If you doubt that liberal and conservative have lost all meaning in the health care debate, consult the New York Times' columnists of those persuasions.
On the left, Paul Krugman predicts reform "will be undermined by 'centrist' Democratic senators who either prevent the passage of a bill or insist on watering down key elements...
"What the balking Democrats seem most determined to do is to kill the public option, either by eliminating it or by carrying out a bait-and-switch, replacing a true public option with something meaningless. For the record, neither regional health cooperatives nor state-level public plans, both of which have been proposed as alternatives, would have the financial stability and bargaining power needed to bring down health care costs."
On the right, David Brooks insists: "We’ve built an entire health care system (maybe an entire government) on the illusion of something for nothing. Instead of tackling that basic logic, we’ve got a reform process that is trying to evade it."

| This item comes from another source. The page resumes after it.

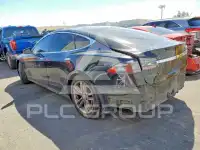2013 Tesla Model S фото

Brooks argues for a plan by Democrat Ron Wyden and Republican Robert Bennett to repeal tax exemptions for insurance premiums and provide universal coverage. "The Wyden-Bennett bill has 14 bipartisan co-sponsors and the Congressional Budget Office has found that it would be revenue-neutral," he claims, but Senate Committee leaders of both parties are concentrating instead on "grand rhetoric and superficial cost containment."
The political hot air on Capitol Hill is filled with nonsense from both sides of the aisles, and so far the White House has been unwilling to make them stop the political blather and face reality.